** Task statement **
Copy all entries without alteration and skip the pictures they hold.

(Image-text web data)

....

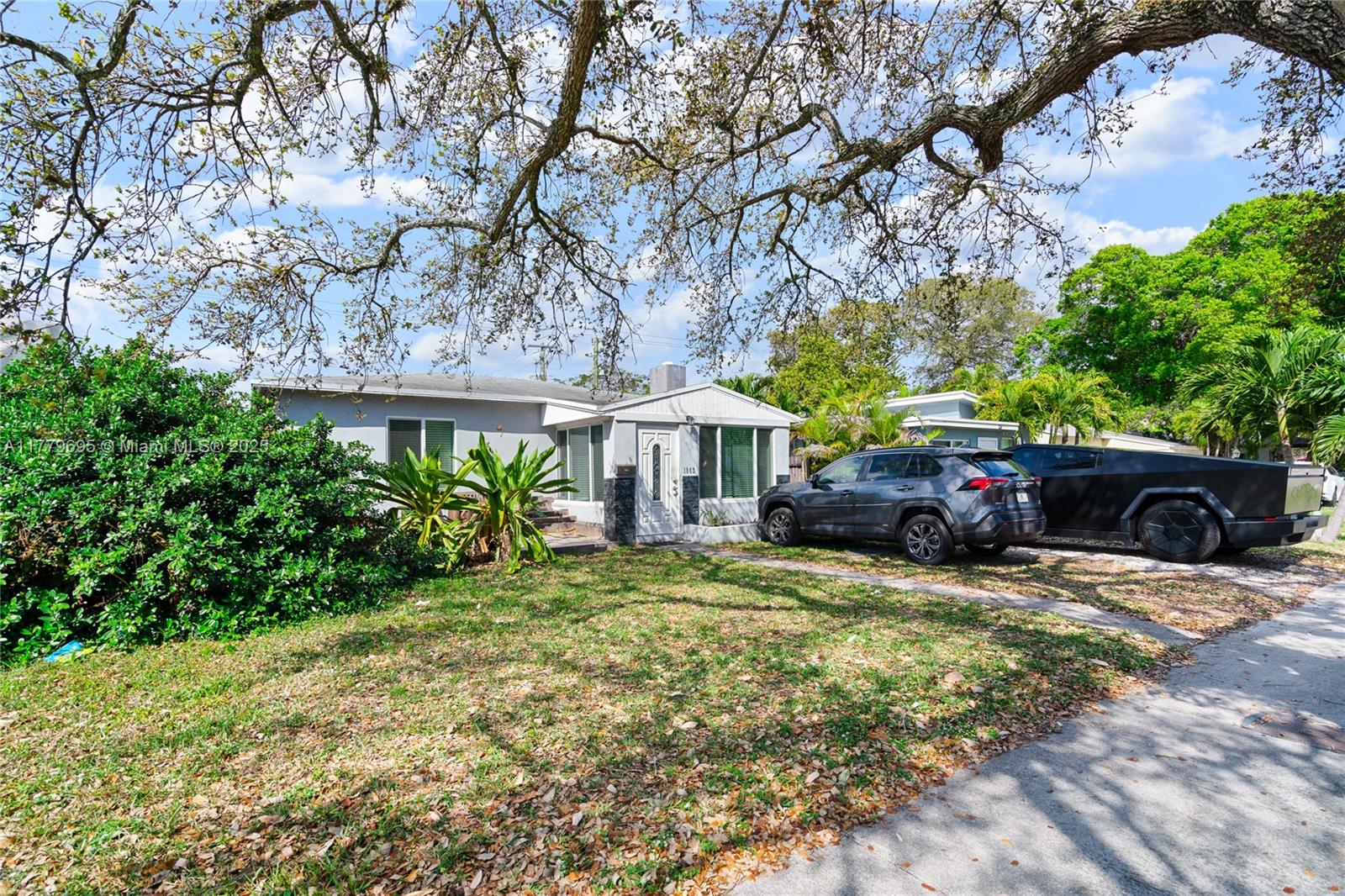 1843 Sw 4th Ave, Fort Lauderdale, Broward County, Florida - 2 Bedrooms  
1 Bathrooms - 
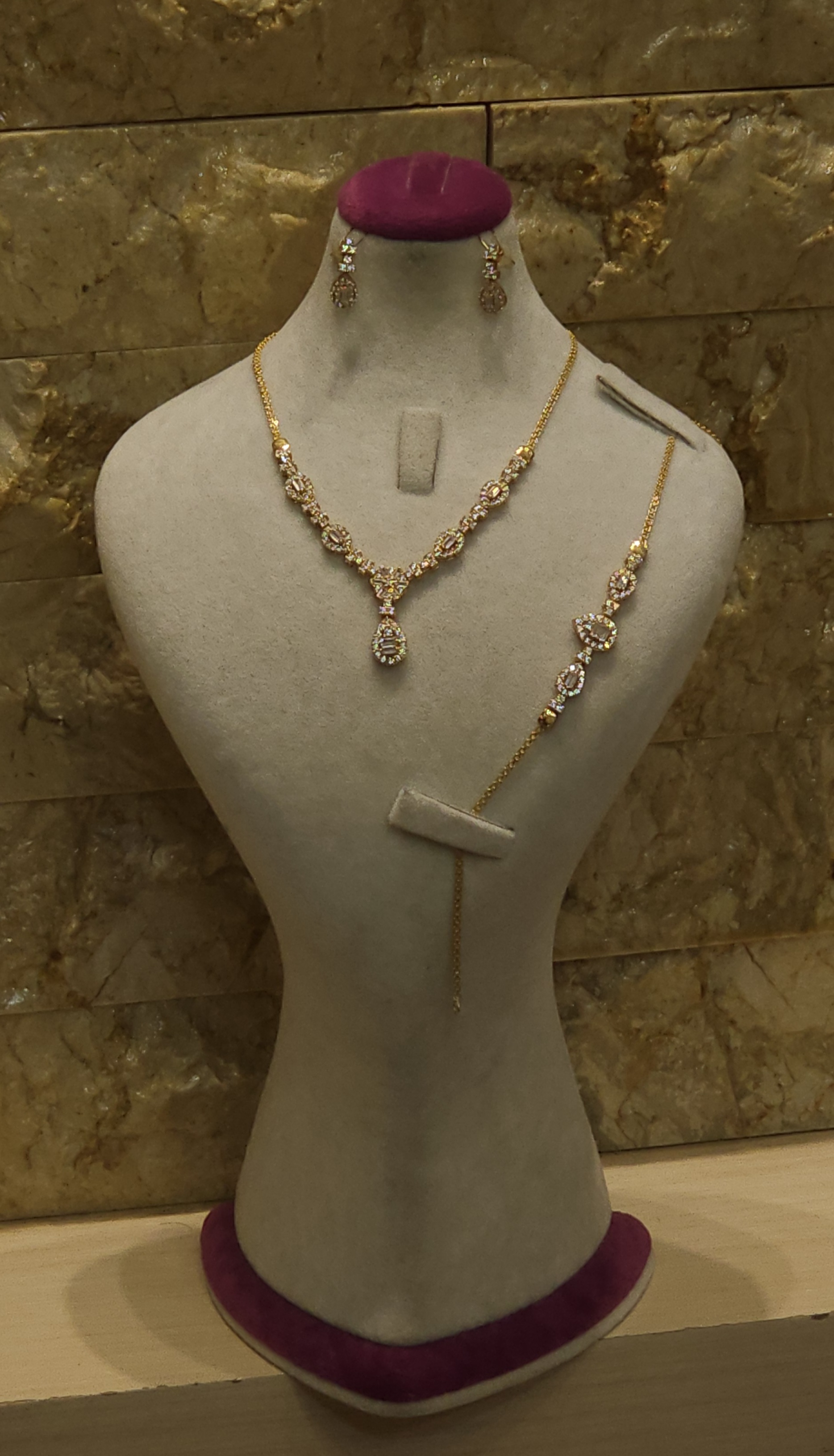 خرید گردنبند طلا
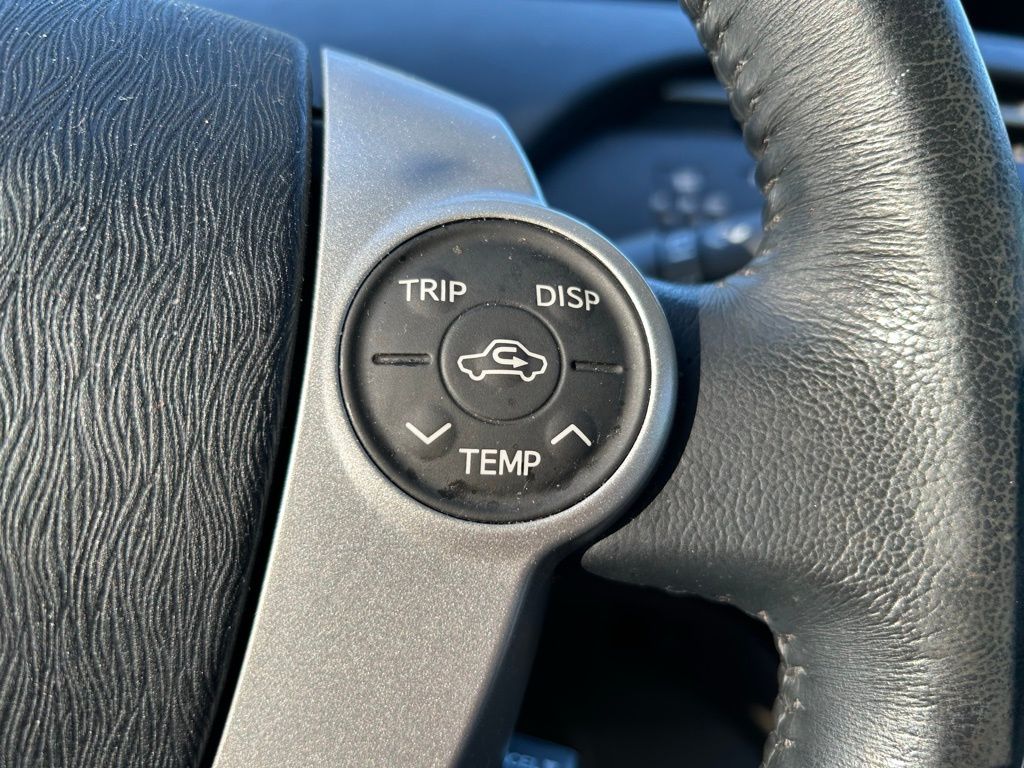 Thumbnail: 2010 Toyota Prius - 18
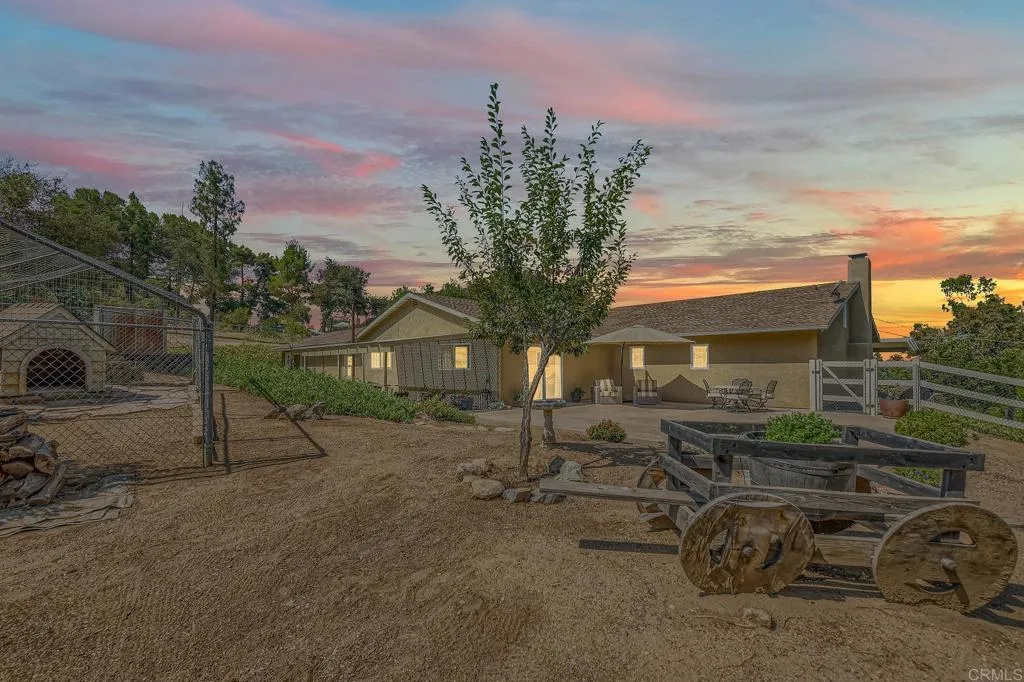 https://cdn.realtyfeed.com/cdn/127/306659434/48fefb6e7f372f86e211c62f62bd7398.webp
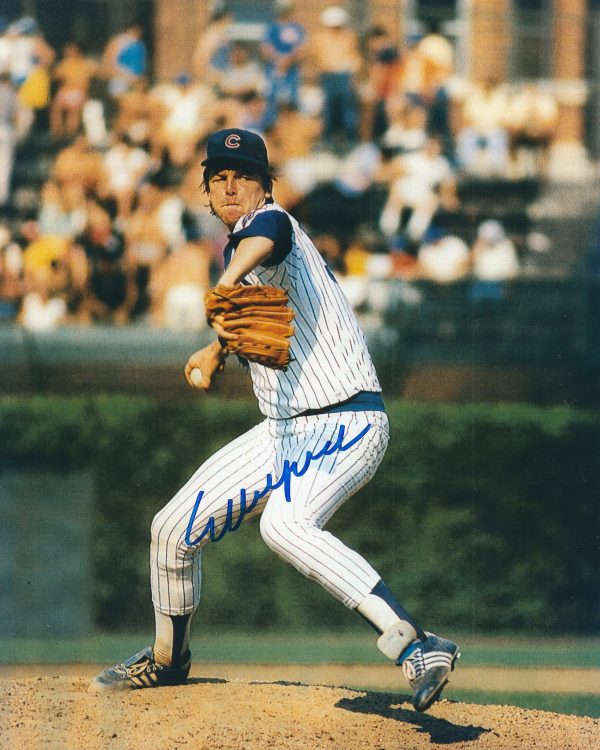 AUTOGRAPHED ED LYNCH 8X10 Chicago Cubs Photo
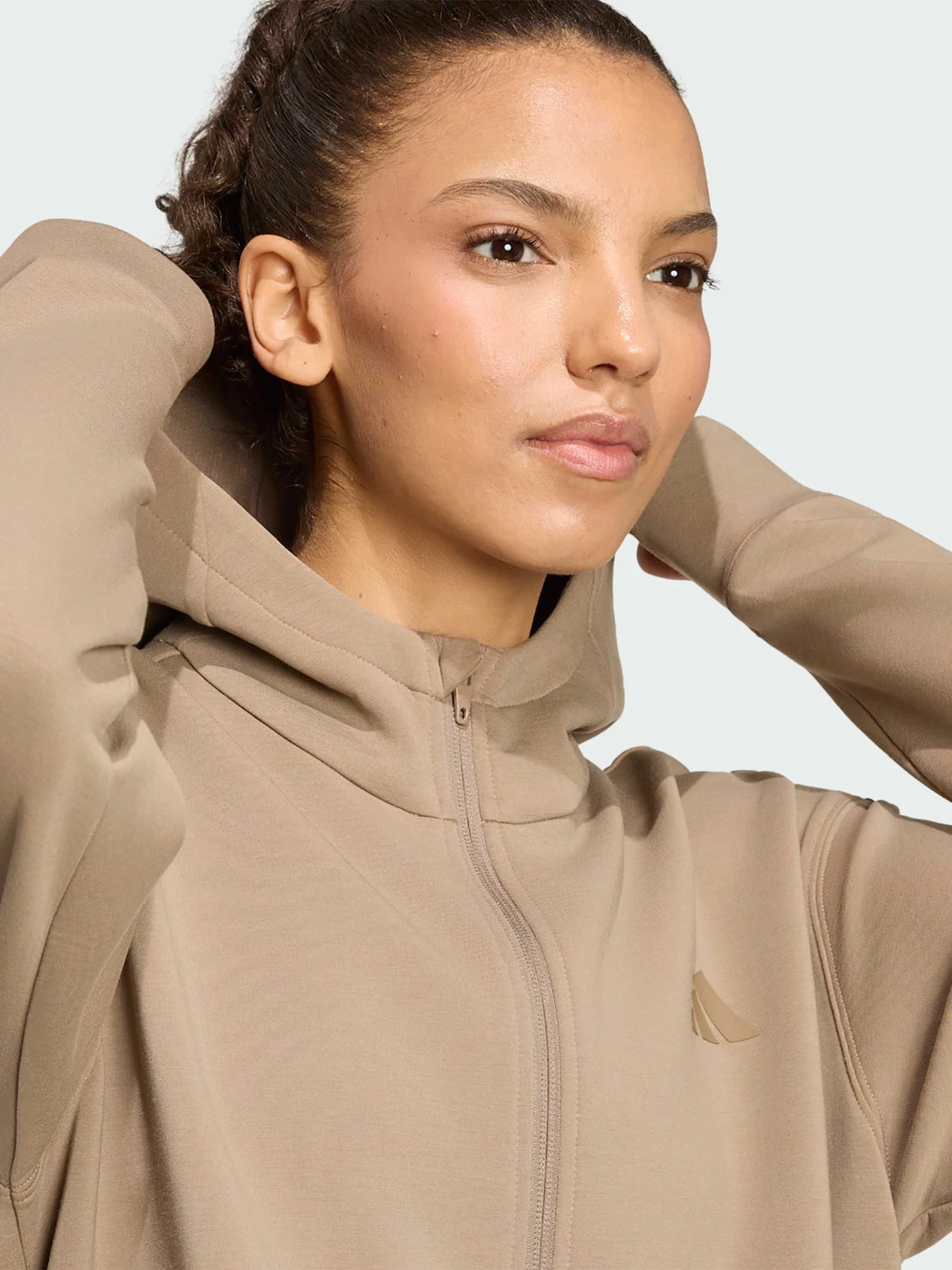 Худи и свитшоты Adidas модель KS3301 Худи и свитшоты Adidas модель KS3301 Фото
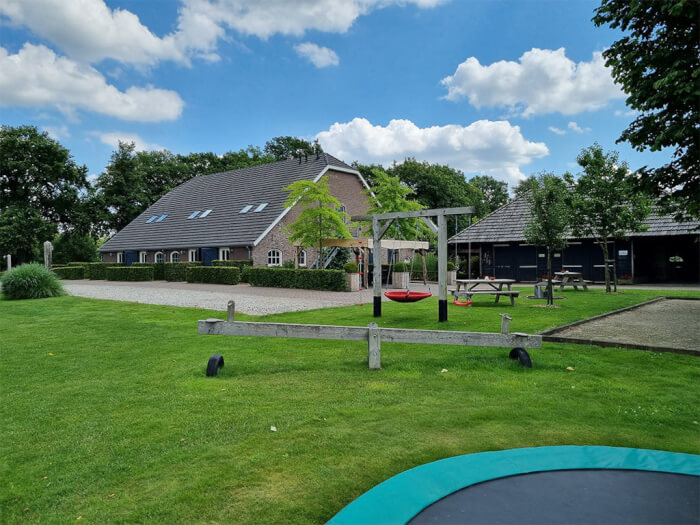 Vakantiehuis in Helenaveen (Noord-Brabant) voor 18 personen met 8 slaapkamers, foto 1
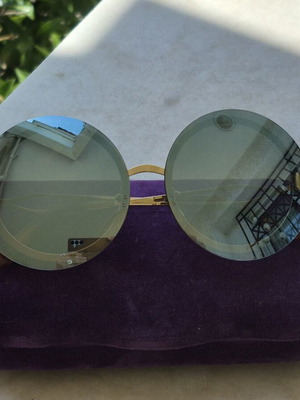 Victoria Beckham vintage oversize sunglasses with round lenses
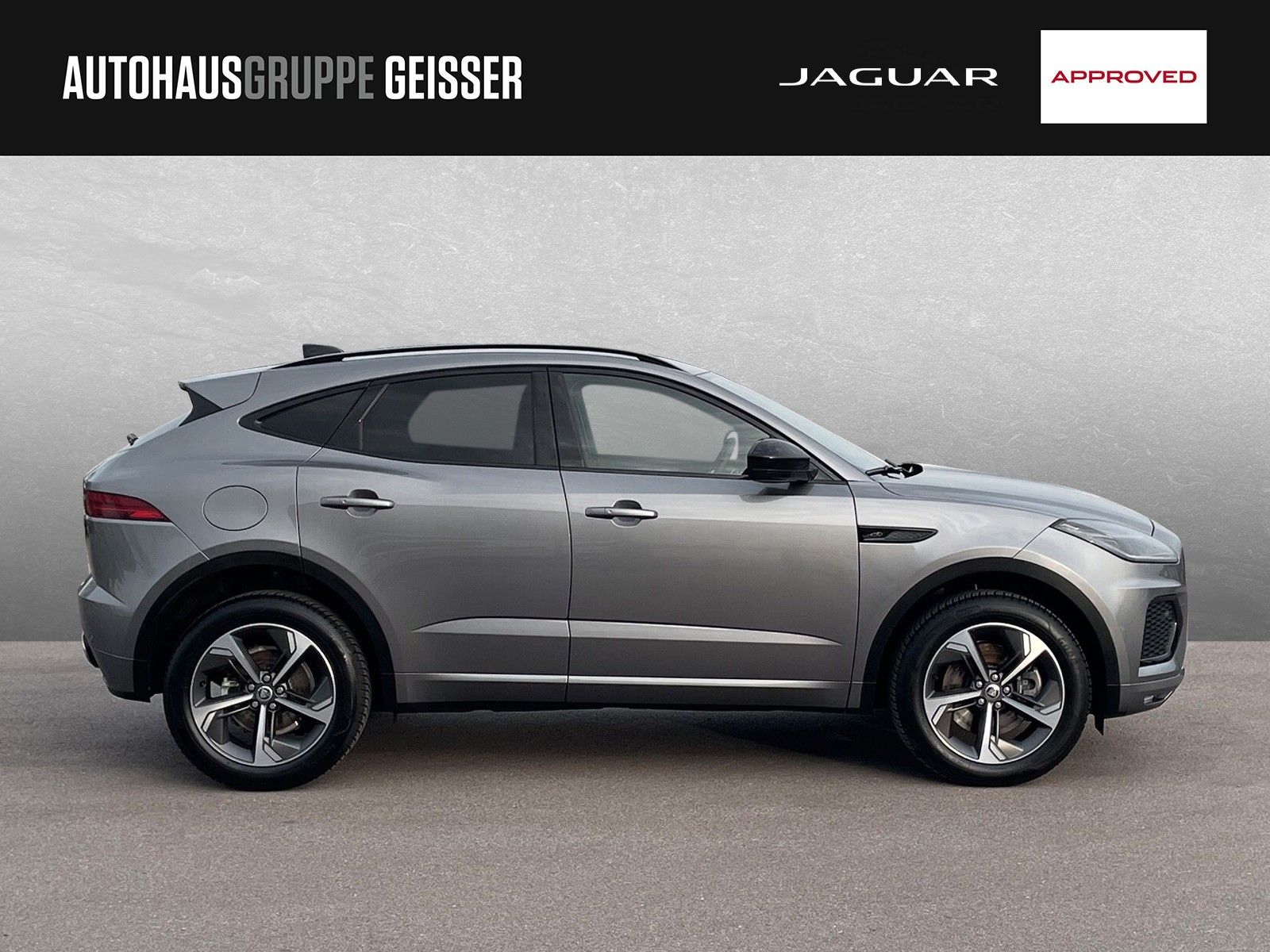 Jaguar E-Pace P250 AWD R-DYNAMIC SE  ACC LED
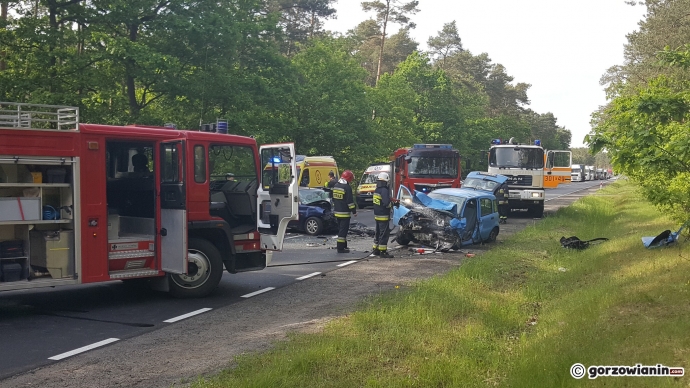 2/14 Czołowe zderzenie pandy i clio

....

** Exercise answer **
 1843 Sw 4th Ave, Fort Lauderdale, Broward County, Florida - 2 Bedrooms  
1 Bathrooms - 
 خرید گردنبند طلا
 Thumbnail: 2010 Toyota Prius - 18
 https://cdn.realtyfeed.com/cdn/127/306659434/48fefb6e7f372f86e211c62f62bd7398.webp
 AUTOGRAPHED ED LYNCH 8X10 Chicago Cubs Photo
 Худи и свитшоты Adidas модель KS3301 Худи и свитшоты Adidas модель KS3301 Фото
 Vakantiehuis in Helenaveen (Noord-Brabant) voor 18 personen met 8 slaapkamers, foto 1
 Victoria Beckham vintage oversize sunglasses with round lenses
 Jaguar E-Pace P250 AWD R-DYNAMIC SE  ACC LED
 2/14 Czołowe zderzenie pandy i clio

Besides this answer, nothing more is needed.